WORK ITEM: Search the listing below for the line containing "Clucking Hen Cafe". From there through the line containing "Cadillac CTS 2001-2007", transcribe every line exactly, both ends included.
********
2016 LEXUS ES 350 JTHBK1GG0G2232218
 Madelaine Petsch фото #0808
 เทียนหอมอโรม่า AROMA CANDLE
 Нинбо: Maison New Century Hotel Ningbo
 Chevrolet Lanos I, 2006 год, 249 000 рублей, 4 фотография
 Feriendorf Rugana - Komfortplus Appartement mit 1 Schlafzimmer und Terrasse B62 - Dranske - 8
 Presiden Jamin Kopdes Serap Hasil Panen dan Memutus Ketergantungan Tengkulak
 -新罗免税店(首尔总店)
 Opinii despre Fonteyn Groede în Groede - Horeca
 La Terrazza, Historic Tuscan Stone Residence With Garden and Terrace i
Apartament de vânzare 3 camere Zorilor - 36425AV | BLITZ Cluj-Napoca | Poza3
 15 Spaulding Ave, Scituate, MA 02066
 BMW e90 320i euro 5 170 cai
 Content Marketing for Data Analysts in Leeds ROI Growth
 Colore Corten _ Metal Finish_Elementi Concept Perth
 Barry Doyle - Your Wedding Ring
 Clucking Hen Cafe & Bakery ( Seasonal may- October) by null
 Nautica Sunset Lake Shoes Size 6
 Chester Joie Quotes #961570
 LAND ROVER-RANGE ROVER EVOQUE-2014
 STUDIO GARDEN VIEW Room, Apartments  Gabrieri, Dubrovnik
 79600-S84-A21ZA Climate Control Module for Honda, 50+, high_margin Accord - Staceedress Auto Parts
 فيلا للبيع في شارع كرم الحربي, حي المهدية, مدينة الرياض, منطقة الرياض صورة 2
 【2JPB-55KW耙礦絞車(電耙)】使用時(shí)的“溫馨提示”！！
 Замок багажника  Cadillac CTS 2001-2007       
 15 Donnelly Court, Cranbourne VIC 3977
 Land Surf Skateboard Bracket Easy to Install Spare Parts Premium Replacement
********
ANSWER TO THIS PROBLEM:
 Clucking Hen Cafe & Bakery ( Seasonal may- October) by null
 Nautica Sunset Lake Shoes Size 6
 Chester Joie Quotes #961570
 LAND ROVER-RANGE ROVER EVOQUE-2014
 STUDIO GARDEN VIEW Room, Apartments  Gabrieri, Dubrovnik
 79600-S84-A21ZA Climate Control Module for Honda, 50+, high_margin Accord - Staceedress Auto Parts
 فيلا للبيع في شارع كرم الحربي, حي المهدية, مدينة الرياض, منطقة الرياض صورة 2
 【2JPB-55KW耙礦絞車(電耙)】使用時(shí)的“溫馨提示”！！
 Замок багажника  Cadillac CTS 2001-2007       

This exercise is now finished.